È quanto ha chiesto il pm Giovanni Musarò per i carabinieri Alessio Di Bernardo e Raffaele D'Alessandro, due dei carabinieri della Stazione Roma Appia accusati di omicidio preterintenzionale per la morte di Stefano Cucchi.

Per l'imputato-testimone Francesco Tedesco, il rappresentante dell'accusa ha sollecitato una sentenza d'assoluzione con la formula "per non aver commesso il fatto".

Resta la condanna a tre anni e mezzo di reclusione per l'accusa di falso.

Il pm ha chiesto inoltre di condannare a 8 anni di reclusione il maresciallo Roberto Mandolini (all'epoca dei fatti comandante interinale della Stazione Appia) per l'accusa di falso, mentre il non doversi procedere per prescrizione dall'accusa di calunnia è stata sollecitata per il carabiniere Vincenzo Nicolardi, Tedesco e Mandolini.

"Non chiediamo pene esemplari, ma giuste", ha detto Musarò al termine della requisitoria nell'aula bunker di Rebibbia. "Nella vicenda Cucchi - ha aggiunto - i depistaggi hanno toccato picchi da film dell'orrore. La responsabilità è stata scientificamente indirizzata verso tre agenti della Polizia Penitenziaria. Ma il depistaggio ha riguardato anche un ministro della Repubblica (il riferimento è all'allora ministro della Giustizia Angelino Alfano, ndr) che è andato in Senato e ha dichiarato il falso davanti a tutto il Paese".

"Questo processo ci riavvicina allo Stato - ha commentato la sorella di Cucchi, Ilaria -. Riavvicina i cittadini e lo Stato.
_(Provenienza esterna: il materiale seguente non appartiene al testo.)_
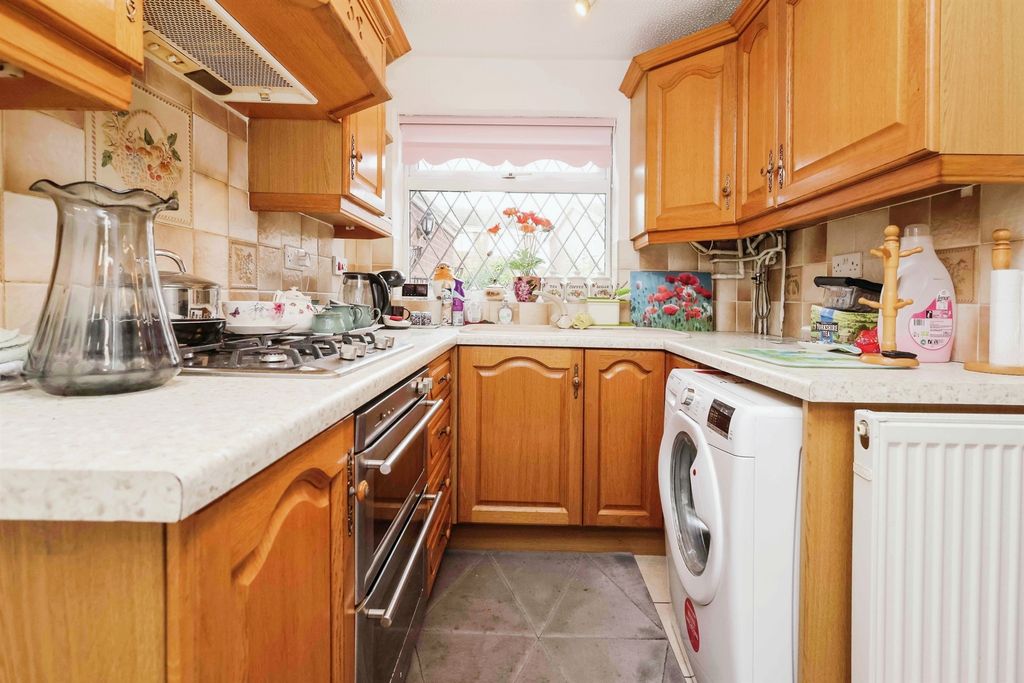 Property photo 2 of 17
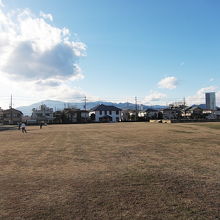 遠くには大山および丹沢山塊が見えます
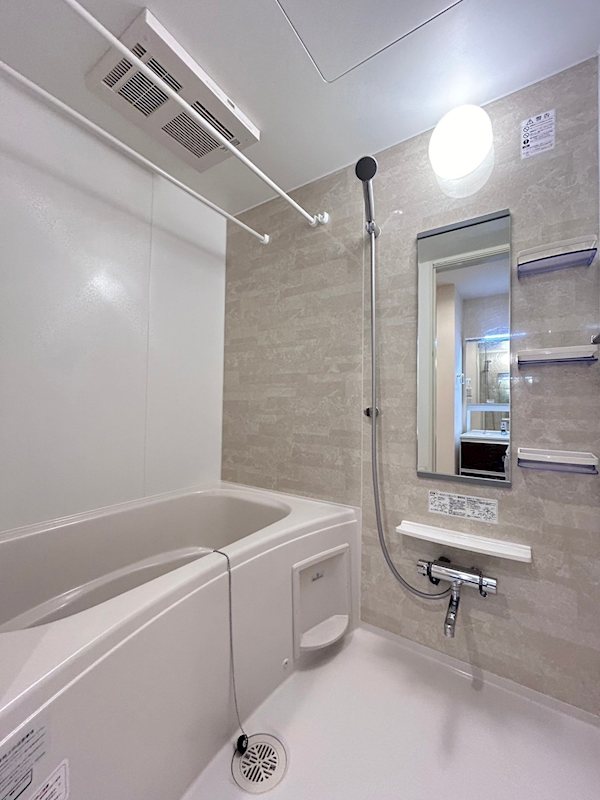 バス・シャワールーム　別室参考写真です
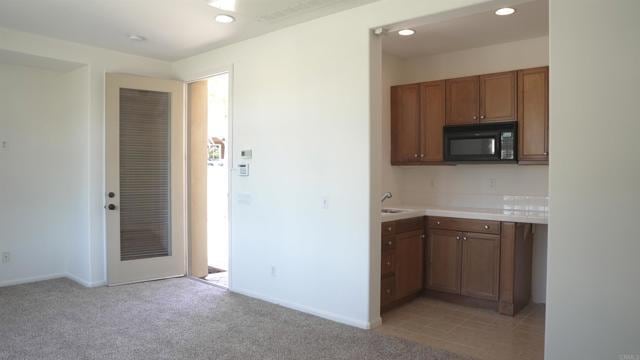 Building Photo - 1050 White Alder Ave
Io non avrei mai creduto di trovarmi in un'aula di giustizia e respirare un'aria così diversa. Sembra qualcosa di così tanto scontato eppure non è così. Se ci fossero magistrati come il dottor Musarò non ci sarebbe bisogno di cosiddetti eroi o della sorella della vittima che sacrifica dieci anni della sua vita per portare avanti sulle sue spalle quella che è diventata la battaglia della vita".